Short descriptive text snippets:
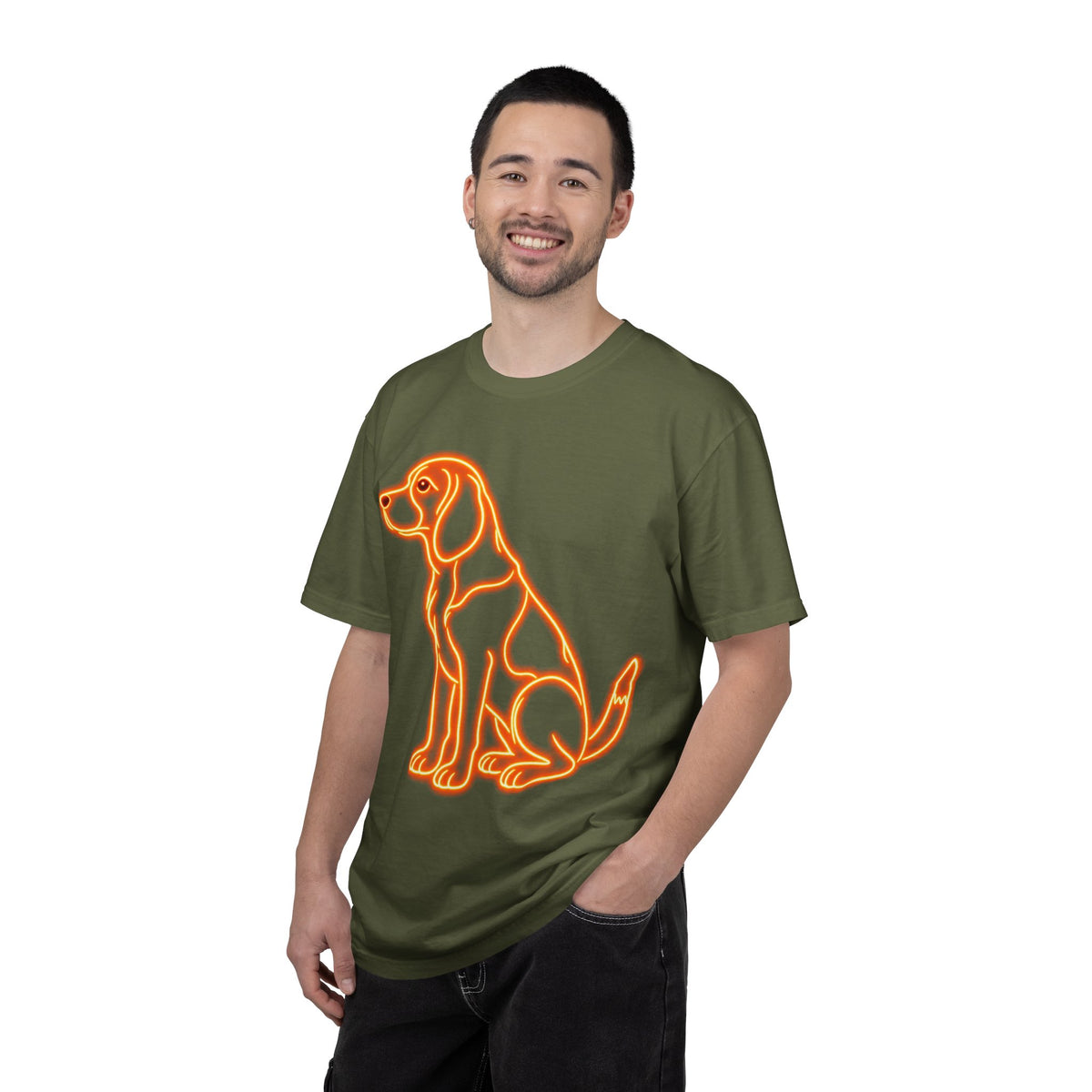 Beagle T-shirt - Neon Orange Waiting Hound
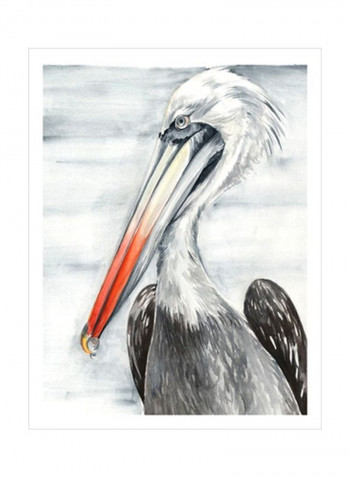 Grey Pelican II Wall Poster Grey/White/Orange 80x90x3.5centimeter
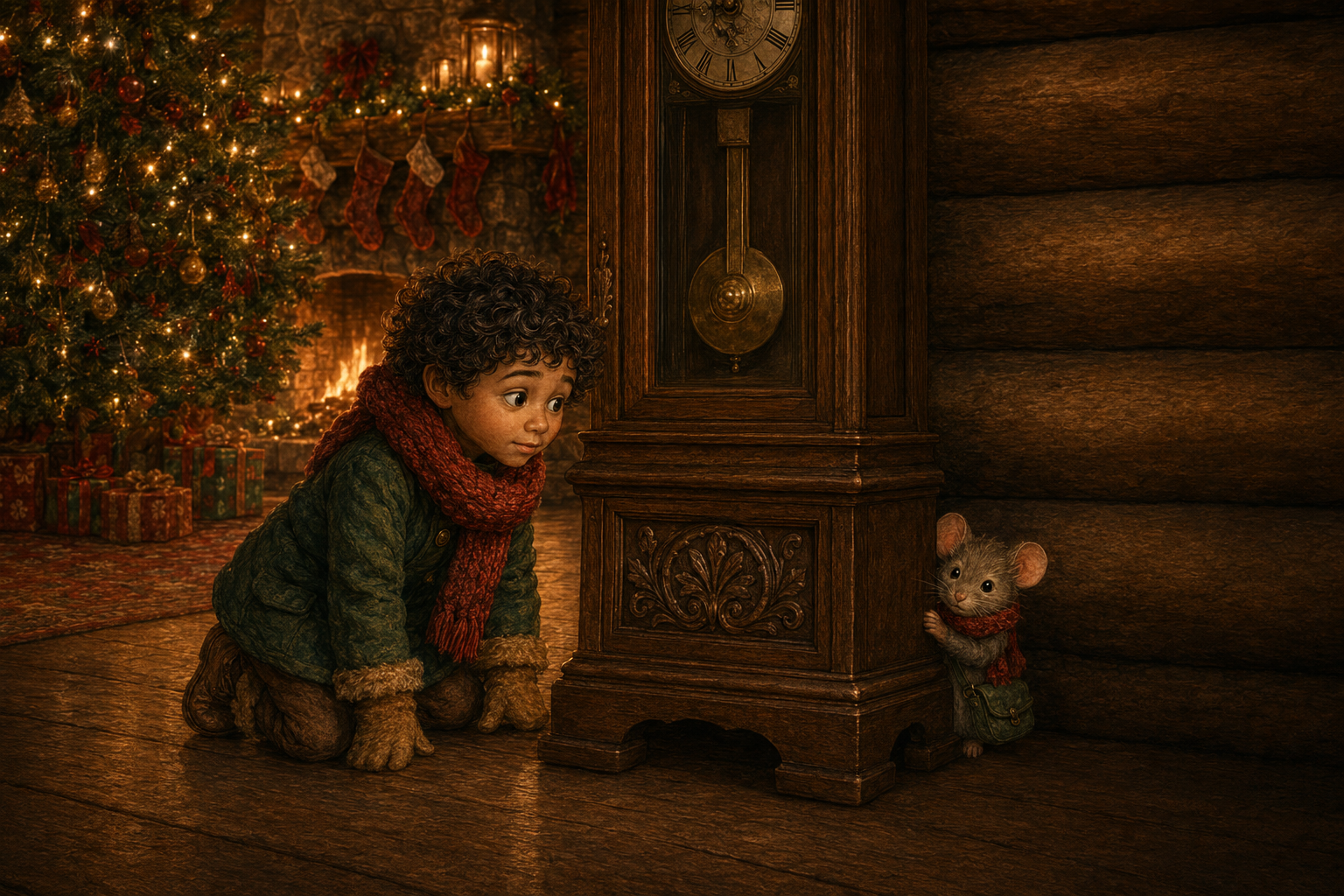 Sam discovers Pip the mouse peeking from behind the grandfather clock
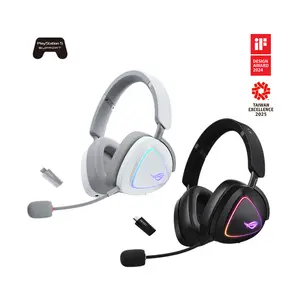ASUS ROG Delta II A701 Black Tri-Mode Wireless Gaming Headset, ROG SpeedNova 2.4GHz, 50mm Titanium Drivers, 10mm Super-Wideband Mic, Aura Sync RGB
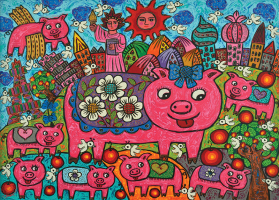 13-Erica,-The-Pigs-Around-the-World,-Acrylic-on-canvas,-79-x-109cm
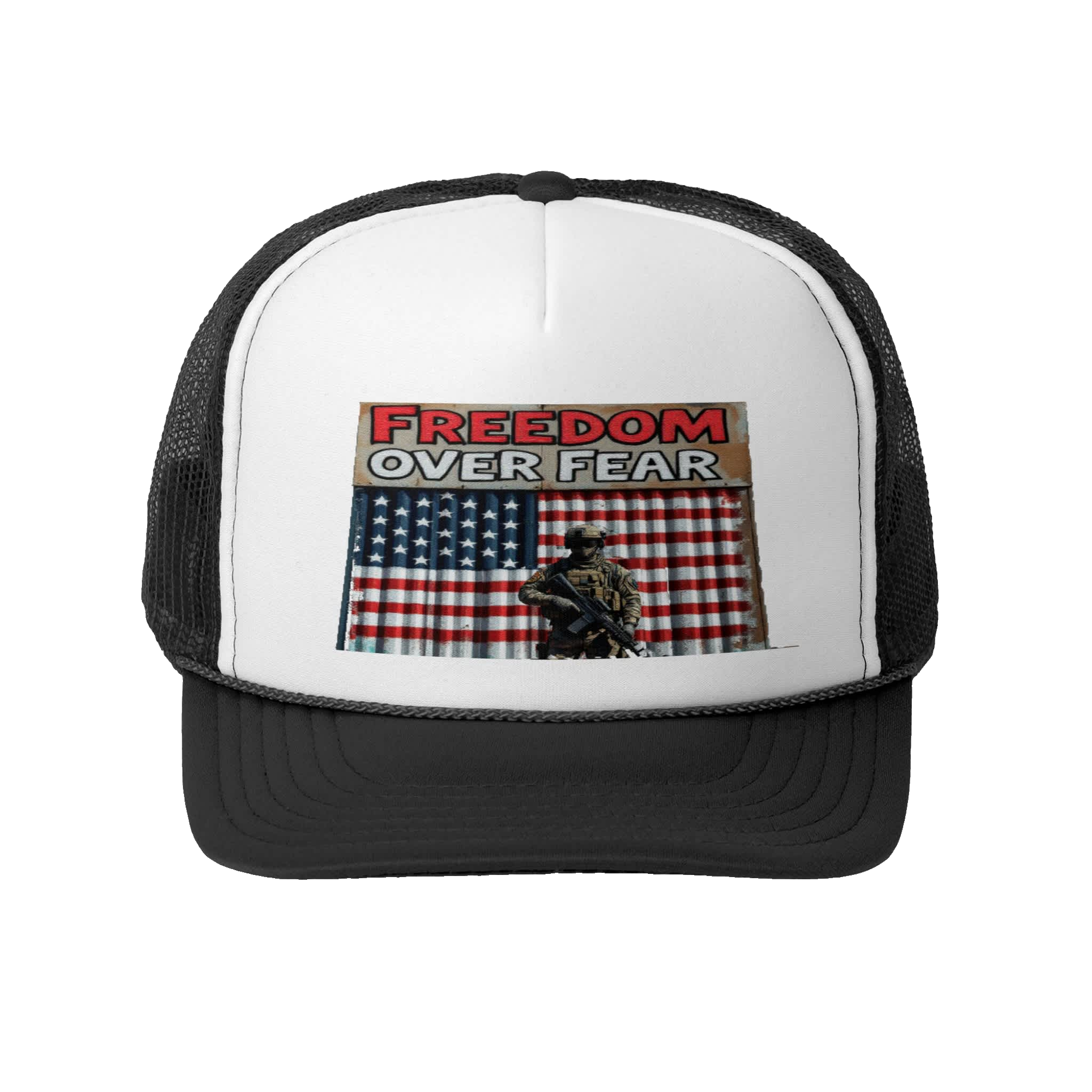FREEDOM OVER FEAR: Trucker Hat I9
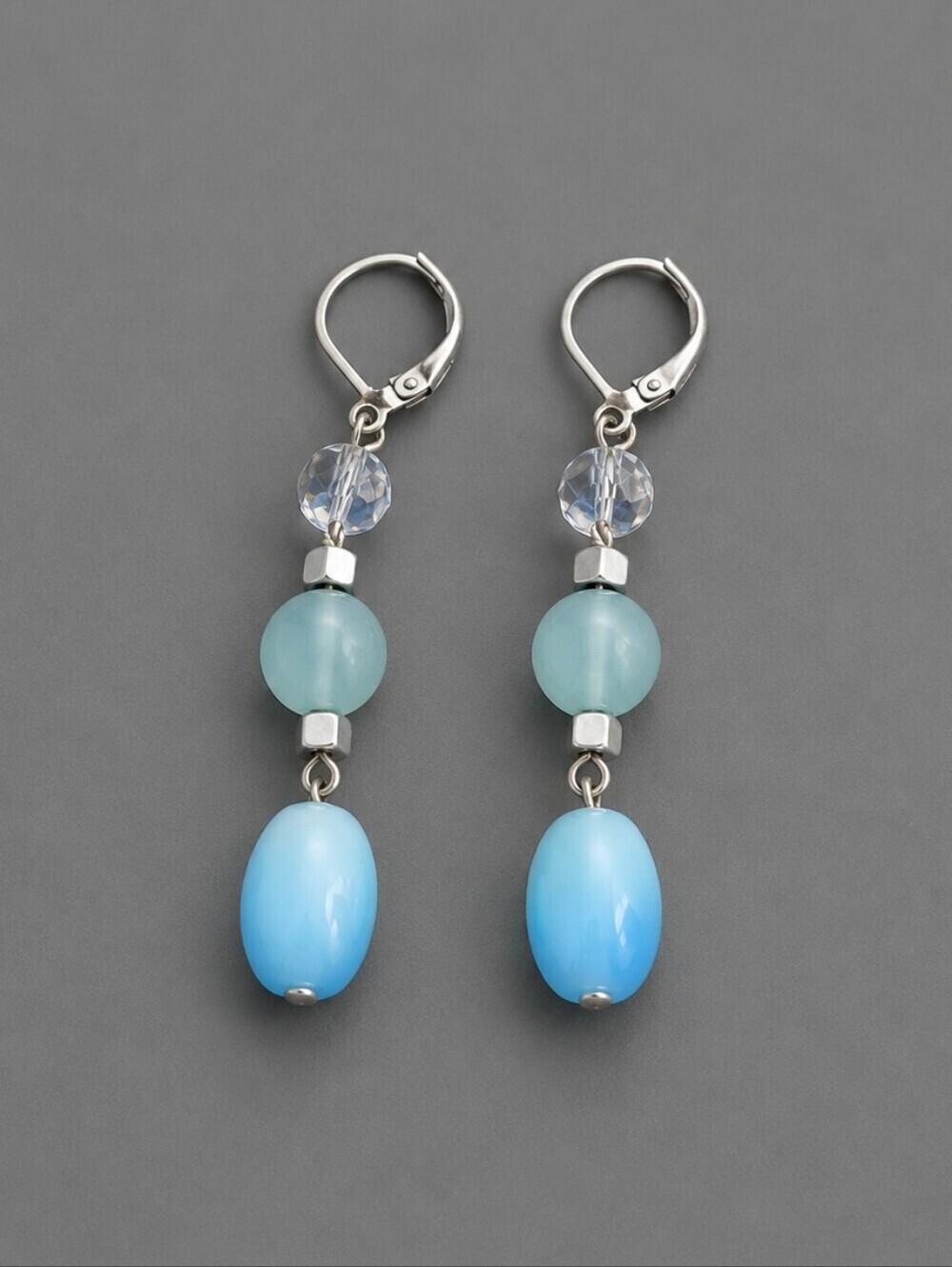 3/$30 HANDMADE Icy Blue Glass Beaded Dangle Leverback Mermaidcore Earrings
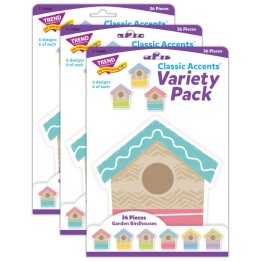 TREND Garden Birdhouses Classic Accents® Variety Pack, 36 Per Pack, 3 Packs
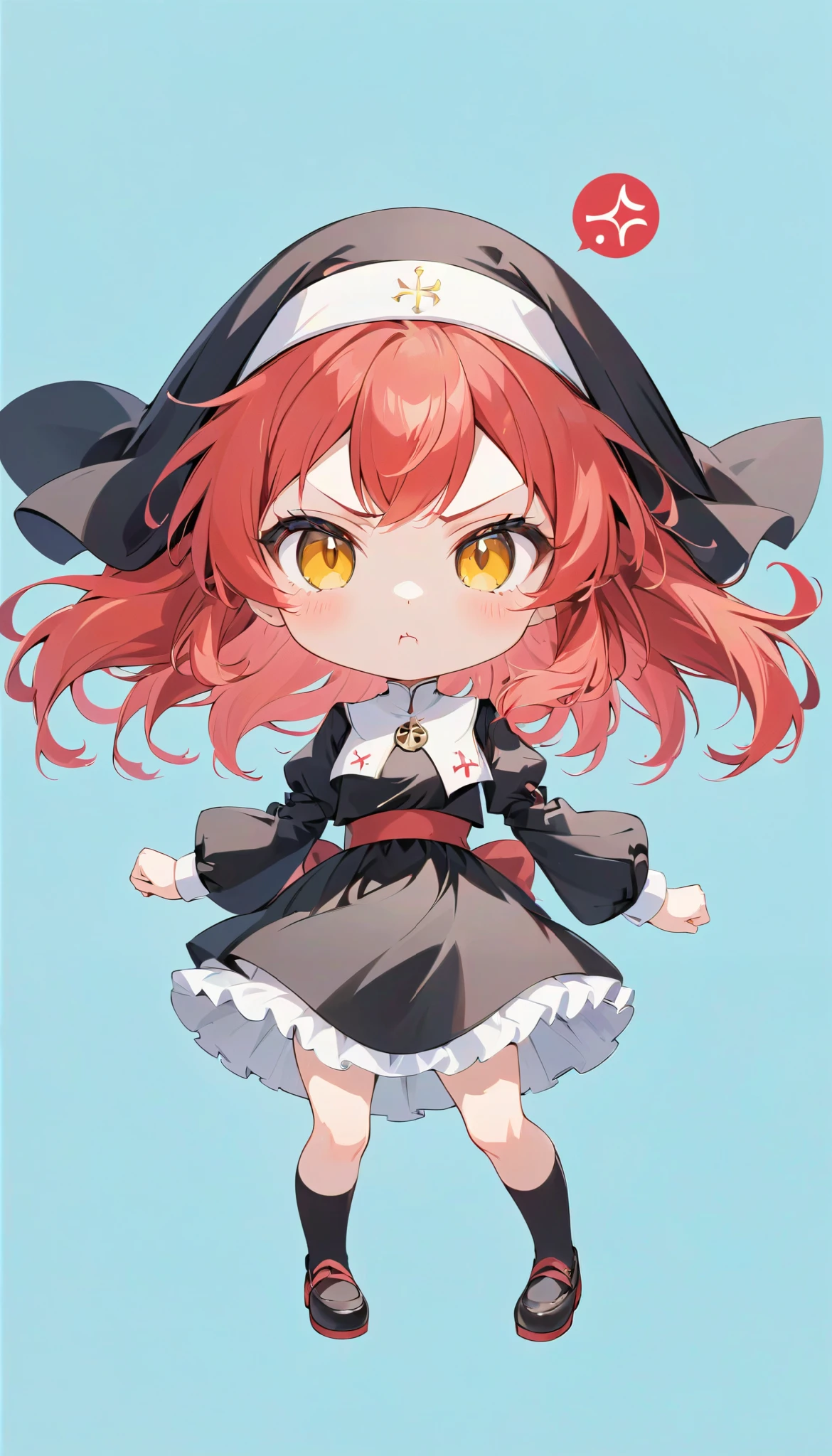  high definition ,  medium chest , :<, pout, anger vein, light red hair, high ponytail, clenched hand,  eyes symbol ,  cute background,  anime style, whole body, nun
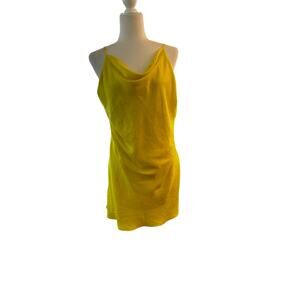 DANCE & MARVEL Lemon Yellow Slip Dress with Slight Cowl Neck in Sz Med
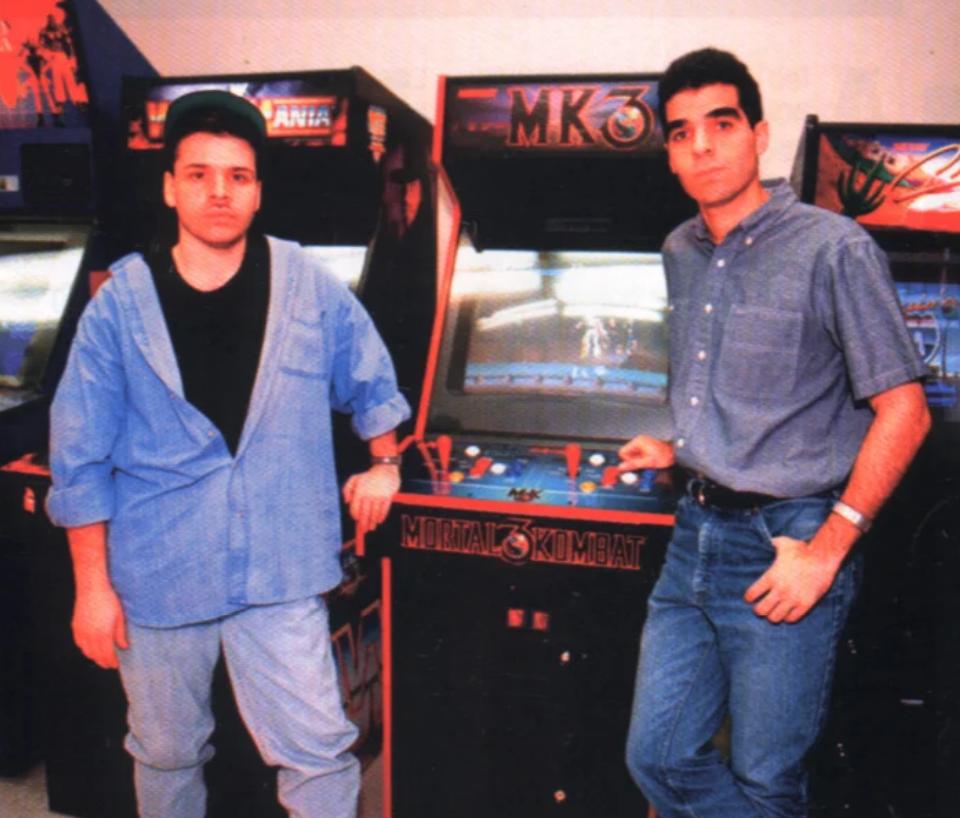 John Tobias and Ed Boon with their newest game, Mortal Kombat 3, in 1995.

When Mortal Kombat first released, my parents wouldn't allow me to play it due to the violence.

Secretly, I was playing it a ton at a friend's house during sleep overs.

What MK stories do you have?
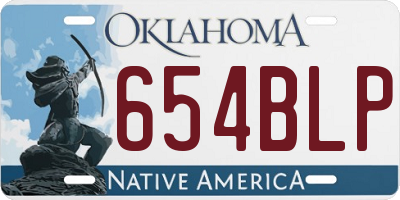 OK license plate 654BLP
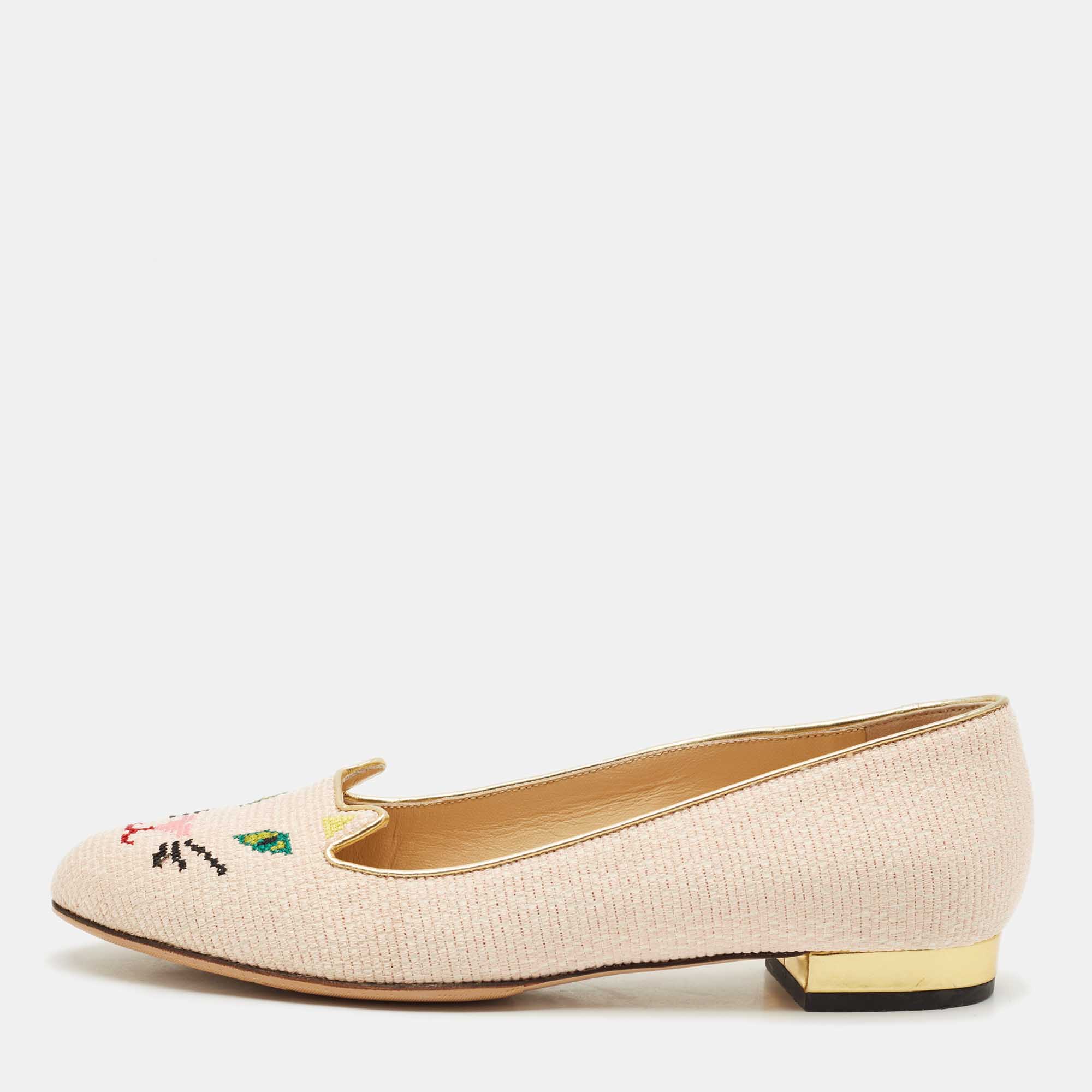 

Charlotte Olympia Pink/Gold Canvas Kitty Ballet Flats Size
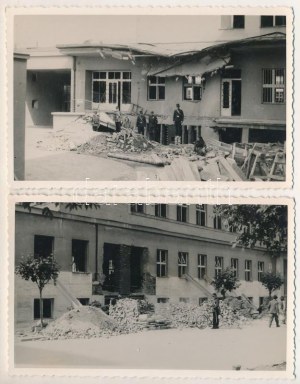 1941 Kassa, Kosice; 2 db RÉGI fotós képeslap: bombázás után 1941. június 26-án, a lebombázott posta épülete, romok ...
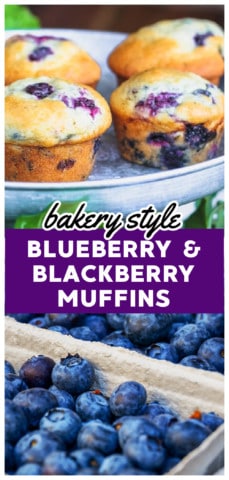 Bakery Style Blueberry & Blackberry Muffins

◆ **YOUR INSTRUCTIONS**
With pictures excluded, the lines running from the one containing "OK license plate 654BLP" through the last line of the records above are to be restated exactly and in full.

◆ **ANSWER TO THE EXERCISE**
 OK license plate 654BLP

Charlotte Olympia Pink/Gold Canvas Kitty Ballet Flats Size
 1941 Kassa, Kosice; 2 db RÉGI fotós képeslap: bombázás után 1941. június 26-án, a lebombázott posta épülete, romok ...
 Bakery Style Blueberry & Blackberry Muffins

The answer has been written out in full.